Всякий, кто не рожден дворянином, стоит вне сего обособленного и замкнутого класса и занимает в государственной иерархии относительно низкое или высокое, но всегда подчиненное положение.
Повсюду, где феодализм устанавливается на европейском континенте, дворянство превращается в касту, и только в Англии феодализм привел к восстановлению аристократии.
Я всегда удивлялся, что факт, до такой степени выделяющий Англию из всех современных наций и один только и способствующий пониманию ее законов, ее духа и ее истории, не привлек к себе внимания философов и государственных деятелей и что, став привычным, он остался в конце концов незамеченным самими англичанами. Чаще всего он был только частично замечен и также частично описан; мне кажется, он никогда не был- представлен полностью и со всей ясностью. Посетив в 1739 г. Великобританию, Монтескье справедливо замечает: "Я нахожусь в стране, которая совсем не похожа на остальную Европу", - но ничего к этому не прибавляет.
Столь непохожей на остальную Европу Англию делает не ее парламент, ее свобода, ее гласность или ее судопроизводство, но нечто еще более своеобразное и более существенное. Англия была единственной страной, где кастовую систему полностью разрушили. Дворяне и простой народ здесь вели сообща одни и те же дела, имели одни и те же профессии и, что еще более значительно, вступали в браки между собой. Здесь не считалось зазорным для дочери самого знатного сеньора выйти замуж за сделавшего карьеру человека простого звания.
Если вы желаете убедиться, действительно ли окончательно уничтожен кастовый строй и порожденные им идеи, привычки, барьеры, взгляните на заключаемые в таком обществе браки. Только в этой области вы найдете решающие признаки, коих вам не достает для создания целостной картины. Искать их во Франции в наши дни после 60 лет демократии было бы напрасным трудом. Здесь старые и новые семьи, смешавшиеся, по-видимому, во всех прочих отношениях, избегают еще вступать в брак между собой.

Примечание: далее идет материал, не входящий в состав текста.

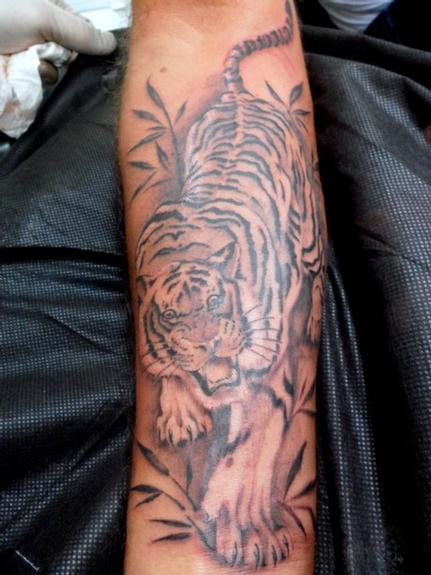 tiger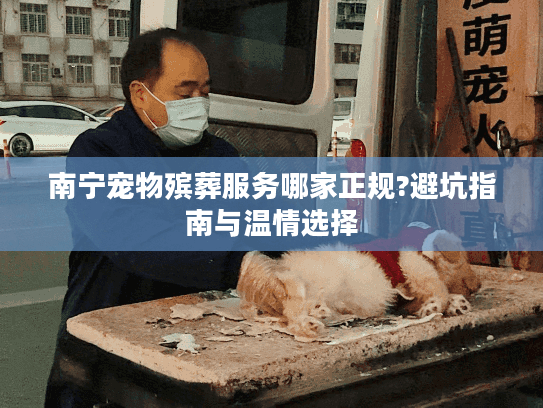 南宁宠物殡葬服务哪家正规?避坑指南与温情选择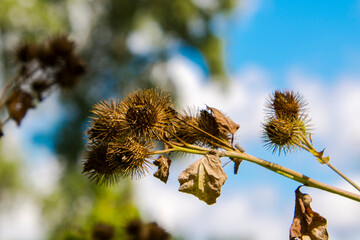 Dry seeds of greater burdock with hooks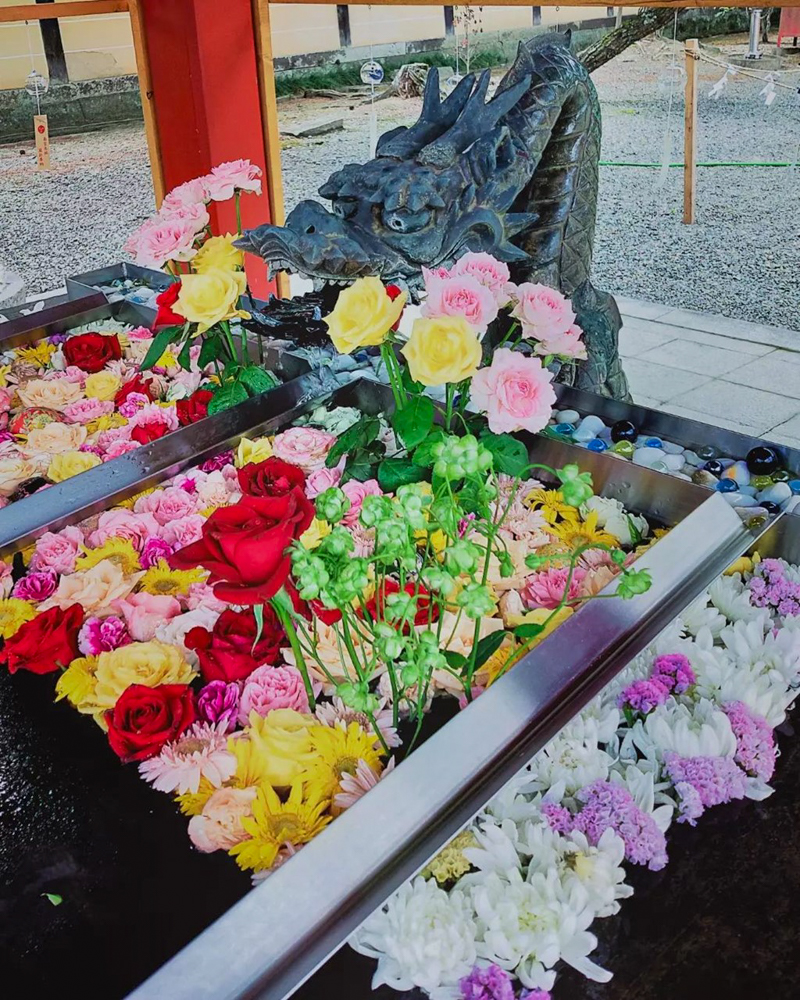 南宮大社、花手水舎、7月夏の花、岐阜県不破郡の観光・撮影スポットの画像と写真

Часто отмечают, что английское дворянство было более осторожным, более изворотливым и более открытым, чем где бы то ни было. Нужно заметить, что в Англии уже давно не существует ( стр.70) более собственно дворянства в старом и ограниченном смысле слова, какой оно сохранило в прочих странах.

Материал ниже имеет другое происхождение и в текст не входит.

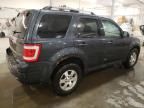 2009 Ford Escape Limited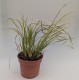 Tatarak trawiasty GOLDEN DELIGHT - acorus gramineus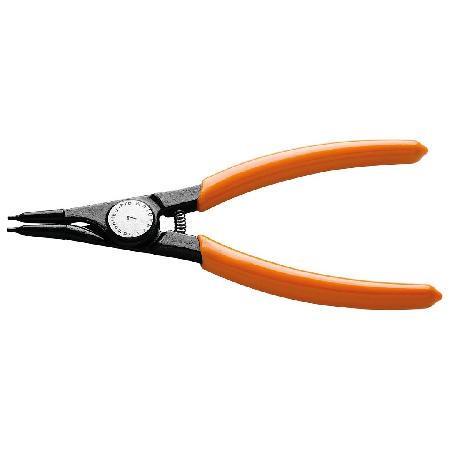 Foto sobre Mauris const equat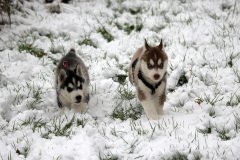 Die H-chen im Schnee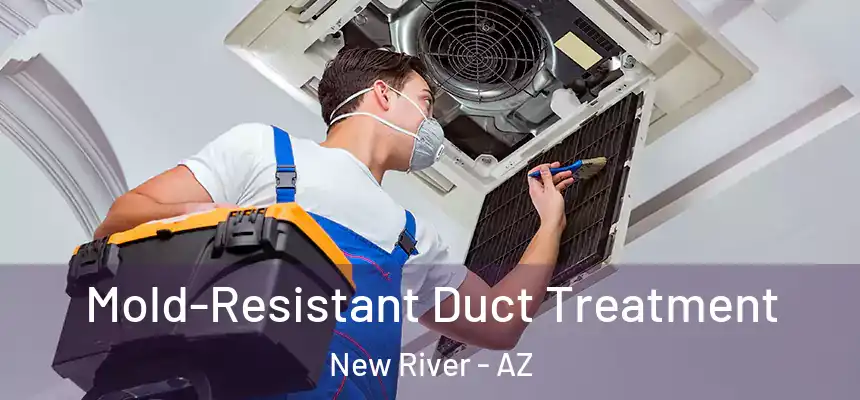  Mold-Resistant Duct Treatment New River - AZ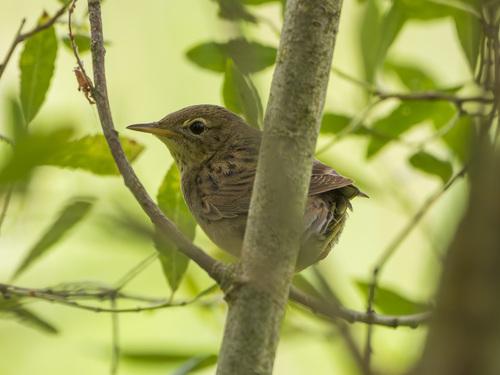 Feldschwirl (Jungvogel)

Сумрак прошлого скрывает это своеобразное видоизменение, но у нас есть еще его живой свидетель-язык. В Англии на протяжении многих столетий слово "дворянин" совершенно изменило свой смысл, а слово "простолюдин" не существует более. И сегодня уже почти невозможно сделать литературный перевод на английский язык строки из мольеровского "Тартюфа", написанной в 1664 г.: "Et tel qu'on ie voit, il est bon geintilhemme" ("Каким бы он ни был, он истый дворянин").
Если пожелаете, можно привести в пример и иное применение науки о языке к науке об истории - проследите во времени и пространстве судьбу слова gentleman, произошедшего от нашего gentilhomme. Вы увидите, как расширяются его значение по мере того, как сословия в Англии сближаются и смешиваются. С каждым веком этим словом обозначают людей, стоящих чуть ниже в общественной иерархии. Наконец, оно вместе с англичанами перебирается в Америку, где им обозначают всех граждан независимо от их происхождения. История этого слова и есть история самой демократии.